Your instructions
Below are entries; output exactly the lines from the one with "Gunship Battle: Crypto" to the one with "New Camouflage raincoat", both included, and nothing else.
──────── Data listing ────────
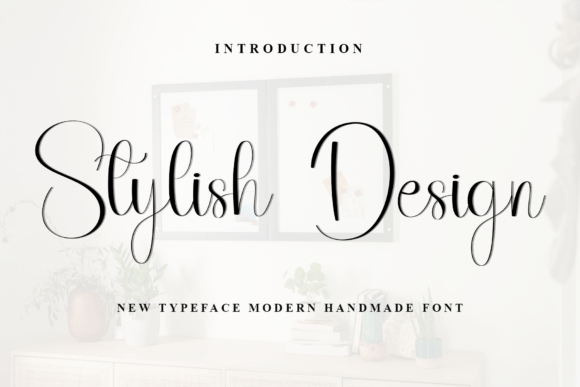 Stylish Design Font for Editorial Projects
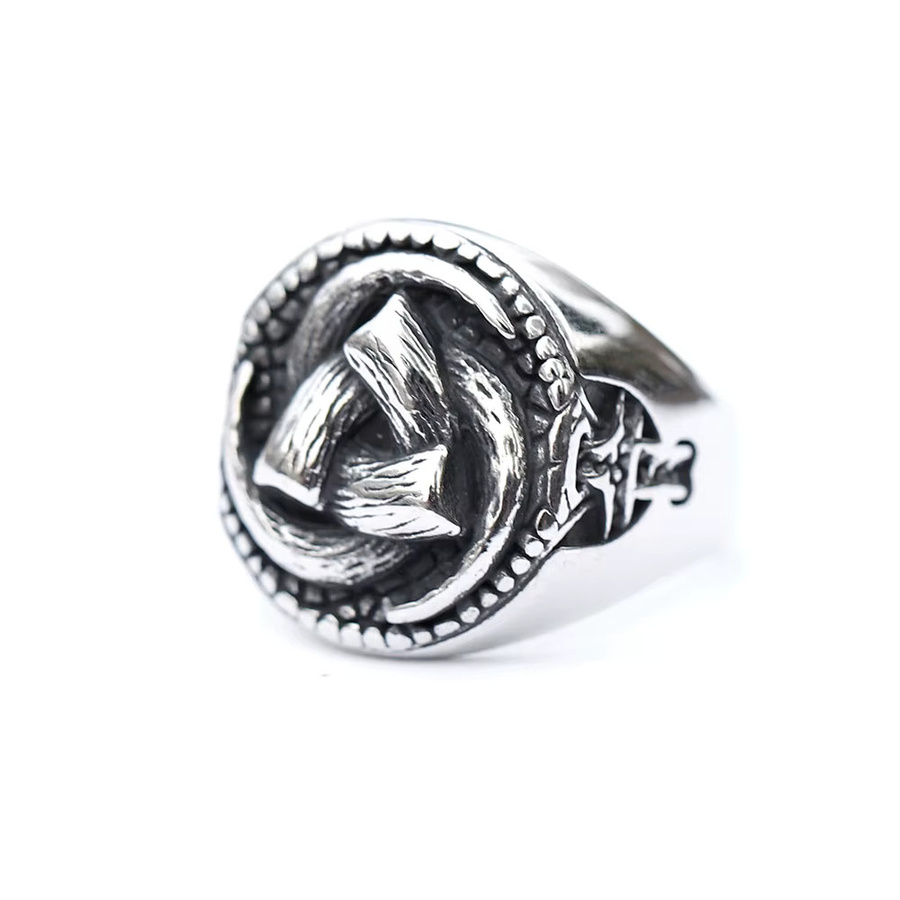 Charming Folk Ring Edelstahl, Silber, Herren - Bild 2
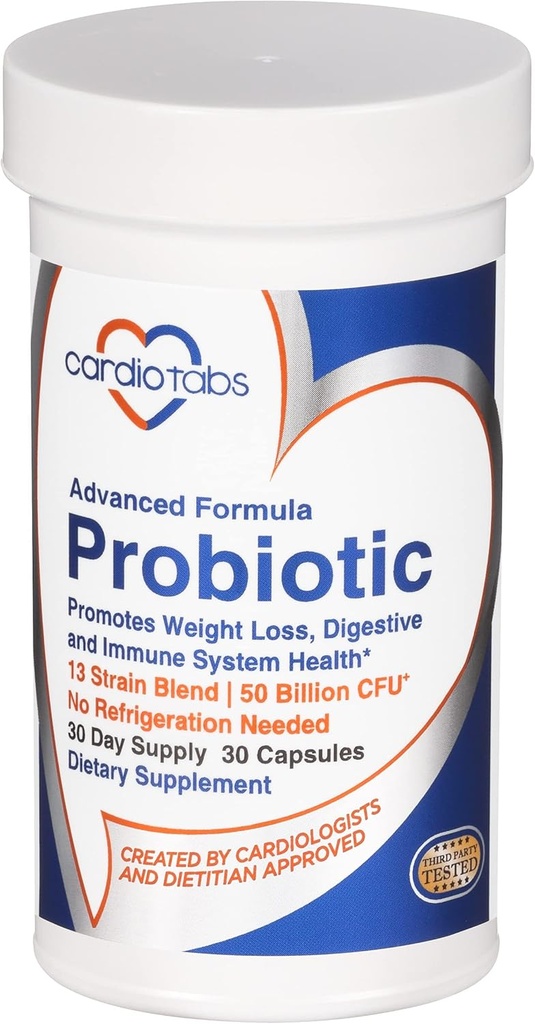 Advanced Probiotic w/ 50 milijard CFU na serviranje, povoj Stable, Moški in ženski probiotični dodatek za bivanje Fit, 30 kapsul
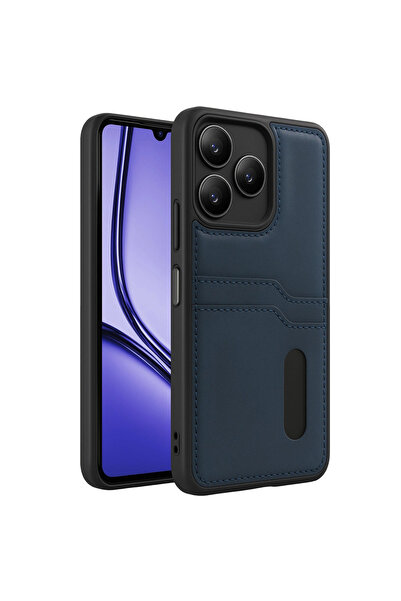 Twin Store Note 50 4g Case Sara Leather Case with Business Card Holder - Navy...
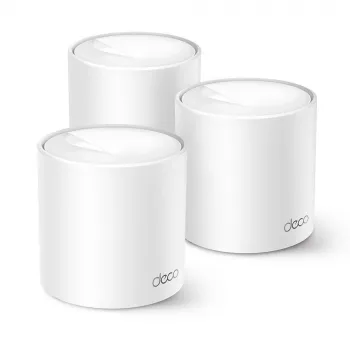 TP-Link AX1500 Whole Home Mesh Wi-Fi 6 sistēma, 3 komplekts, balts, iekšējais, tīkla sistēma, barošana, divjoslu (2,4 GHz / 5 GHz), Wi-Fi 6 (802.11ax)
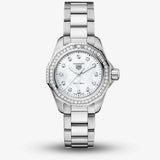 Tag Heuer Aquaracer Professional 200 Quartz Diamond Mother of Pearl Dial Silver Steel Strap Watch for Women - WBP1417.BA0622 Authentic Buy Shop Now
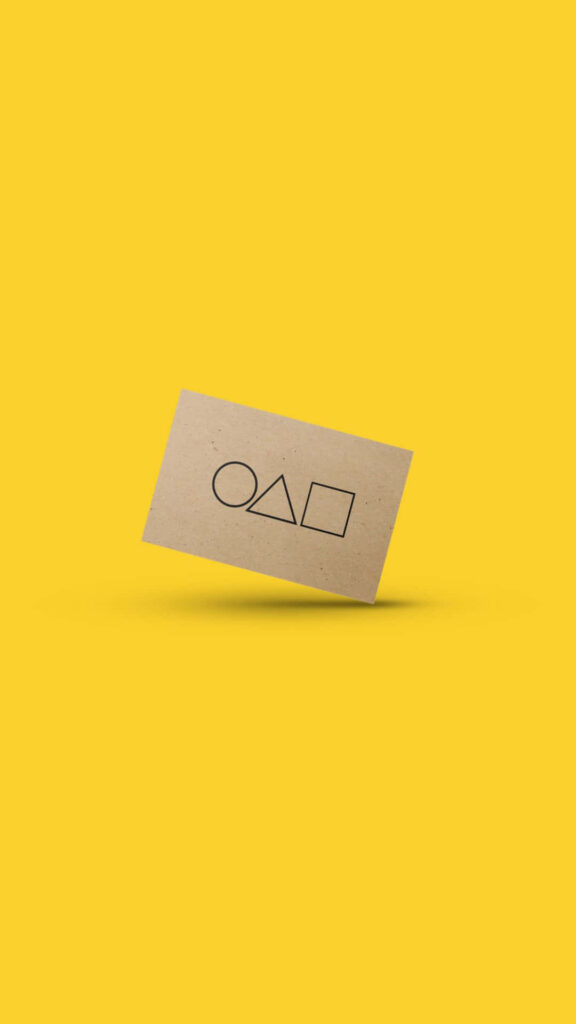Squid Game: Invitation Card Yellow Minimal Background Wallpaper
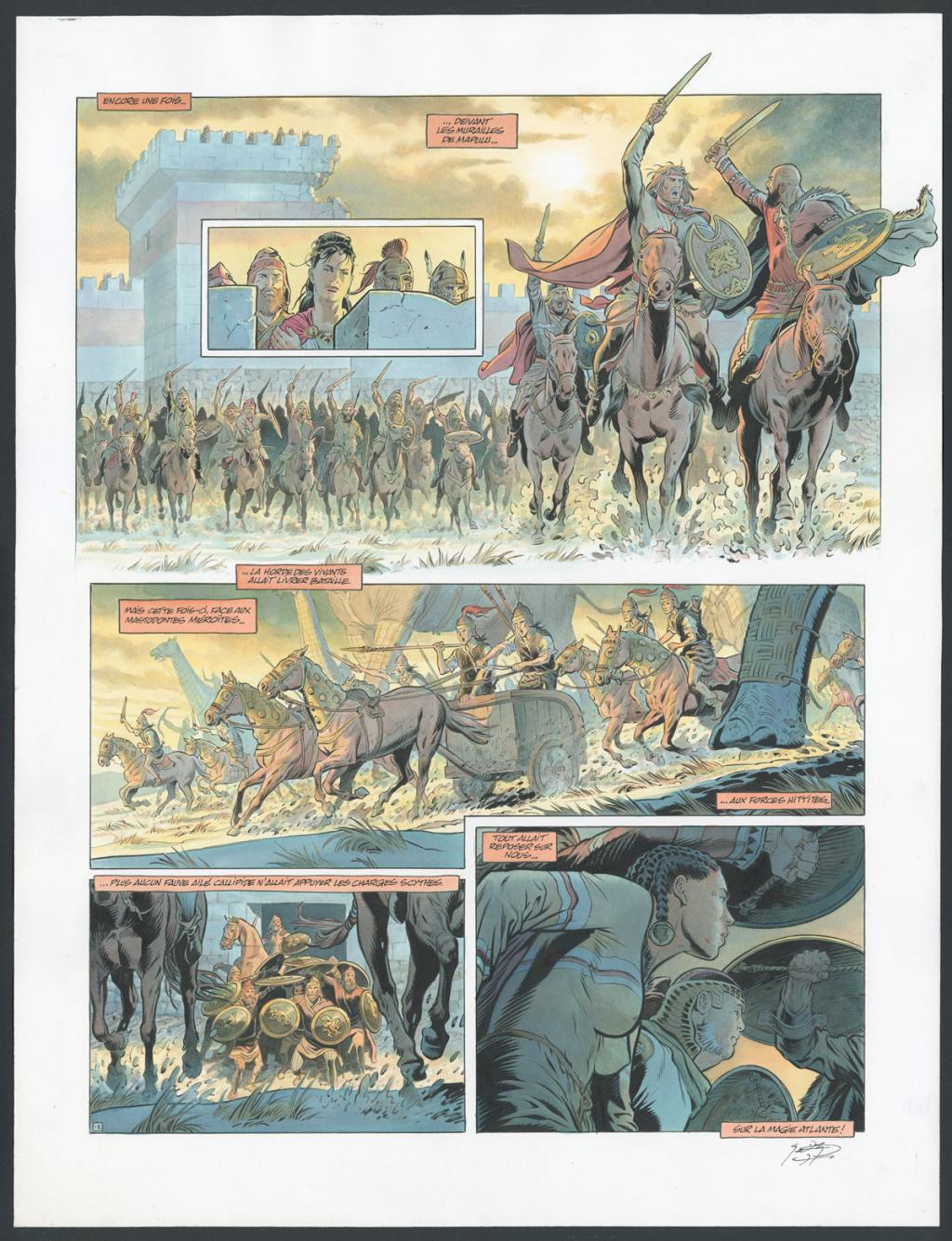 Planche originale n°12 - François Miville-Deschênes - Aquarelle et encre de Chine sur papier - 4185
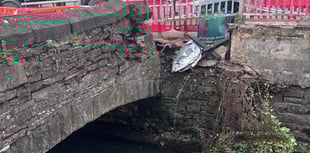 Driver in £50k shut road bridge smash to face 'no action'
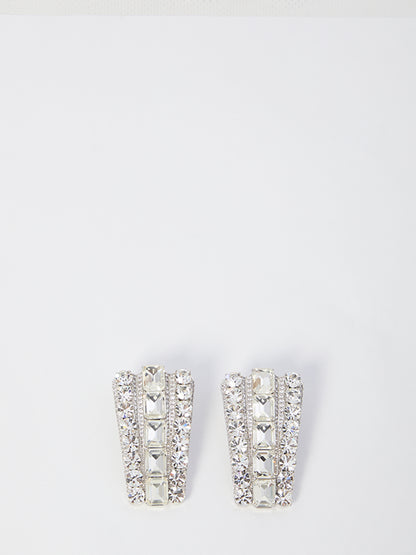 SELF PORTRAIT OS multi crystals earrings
────────
──────── Data listing ────────
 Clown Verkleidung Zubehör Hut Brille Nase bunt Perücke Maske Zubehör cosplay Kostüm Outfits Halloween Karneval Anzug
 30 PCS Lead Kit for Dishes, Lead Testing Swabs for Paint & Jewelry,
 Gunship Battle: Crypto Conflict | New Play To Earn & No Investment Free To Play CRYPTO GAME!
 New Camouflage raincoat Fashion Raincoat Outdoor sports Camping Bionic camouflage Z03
────────
Expected answer
 Gunship Battle: Crypto Conflict | New Play To Earn & No Investment Free To Play CRYPTO GAME!
 New Camouflage raincoat Fashion Raincoat Outdoor sports Camping Bionic camouflage Z03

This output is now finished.